A 915 kg two-stage rocket is traveling at a speed of 5.50×10^3 m/s with respect to Earth when a pre-designed explosion separates the rocket into two sections of equal mass that then move at a speed of 4.00×10^3 m/s relative to each other along the original line of motion. What is the speed of each section (relative to Earth) after the explosion? AND How much energy was supplied by the explosion? [Hint: What is the change in KE as a result of the explosion?] Please help step by step. I've tried this problem so many times but cant get the correct answer
For any future students (likely SBU like myself), the line "4000m/s relative to each other along the original line of motion" translates to Va=Vb+4000m/s
To solve this problem, we can use the principles of conservation of momentum and conservation of kinetic energy. Let's break it down step by step:
Step 1: Calculate the total momentum before the explosion.
The momentum (p) of an object can be calculated by multiplying its mass (m) by its velocity (v). In this case, the mass (m) of the two-stage rocket is 915 kg, and its velocity (v) is 5.50×10^3 m/s.

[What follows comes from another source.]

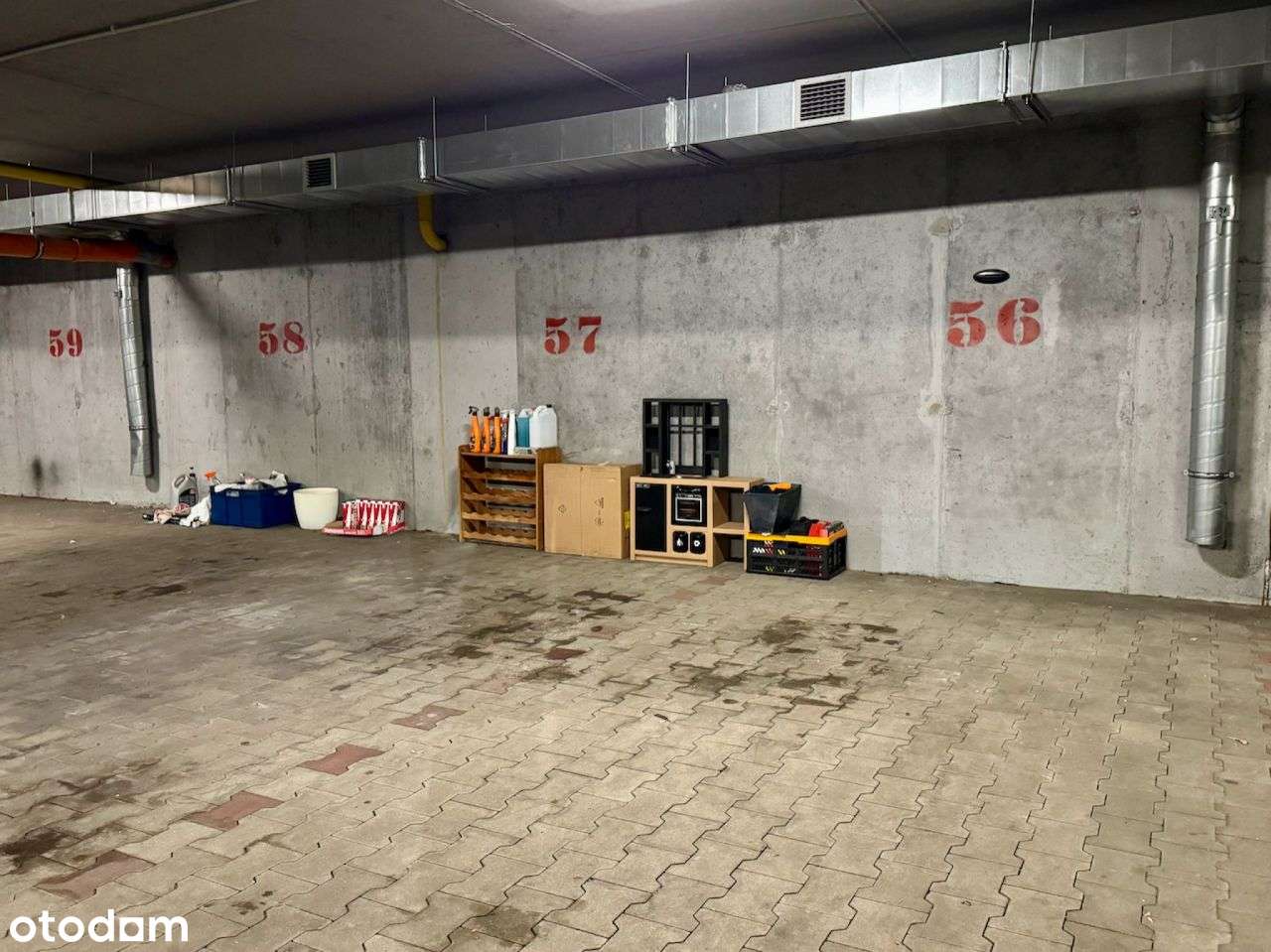 Miejsce Postojowe Hala Garażowa, Daszyńskiego-9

Therefore, the total momentum before the explosion is:
Total momentum = 915 kg × 5.50×10^3 m/s
Total momentum = 5.0325×10^6 kg·m/s
Step 2: Apply the conservation of momentum.
According to the conservation of momentum, the total momentum before the explosion is equal to the total momentum after the explosion. Since the two sections of the rocket have equal mass after the explosion, we can assume they have the same momentum.
Let the velocity of one section be v1 and the velocity of the other section be v2.
The momentum of the first section is:
Momentum of section 1 = (mass of section 1) × (velocity of section 1)
Momentum of section 1 = (915 kg/2) × v1
The momentum of the second section is:
Momentum of section 2 = (mass of section 2) × (velocity of section 2)
Momentum of section 2 = (915 kg/2) × v2
As mentioned earlier, the total momentum after the explosion is equal to the total momentum before the explosion:
Momentum of section 1 + Momentum of section 2 = Total momentum
Substituting the values:
(915 kg/2) × v1 + (915 kg/2) × v2 = 5.0325×10^6 kg·m/s
Step 3: Calculate the velocities after the explosion.
From the given information, we know that the velocity of one section relative to the other section is 4.00×10^3 m/s. Therefore, we can express the velocity of one section in terms of the other section's velocity:
v1 = v2 + 4.00×10^3 m/s
Now, we can substitute this expression into the equation from Step 2:
(915 kg/2) × (v2 + 4.00×10^3 m/s) + (915 kg/2) × v2 = 5.0325×10^6 kg·m/s
Simplifying the equation:
915 kg × v2 + 4.00×10^3 kg·m/s + 915 kg × v2 = 10.065×10^6 kg·m/s
1830 kg × v2 = 10.065×10^6 kg·m/s - 4.00×10^3 kg·m/s
1830 kg × v2 = 10.061×10^6 kg·m/s
Dividing both sides by 1830 kg:
v2 = (10.061×10^6 kg·m/s) / (1830 kg)
Calculating v2:
v2 ≈ 5497.82 m/s
Since v1 = v2 + 4.00×10^3 m/s, we can calculate v1:
v1 ≈ 5497.82 m/s + 4.00×10^3 m/s
v1 ≈ 9497.82 m/s
Step 4: Calculate the change in kinetic energy.
The change in kinetic energy can be calculated by subtracting the initial kinetic energy from the final kinetic energy.
The initial kinetic energy of the two-stage rocket is:
Initial kinetic energy = (1/2) × (mass of the rocket) × (velocity of the rocket)^2
Initial kinetic energy = (1/2) × 915 kg × (5.50×10^3 m/s)^2
The final kinetic energy of each section can be calculated using their mass and velocity:
Final kinetic energy = (1/2) × (mass of each section) × (velocity of each section)^2
Final kinetic energy = (1/2) × (915 kg/2) × (5497.82 m/s)^2
The change in kinetic energy is then:
Change in kinetic energy = (Final kinetic energy) - (Initial kinetic energy)
Plug in the given values and calculate to find the answer.
I hope this step-by-step explanation helps you understand the problem better and assists you in finding the correct answer.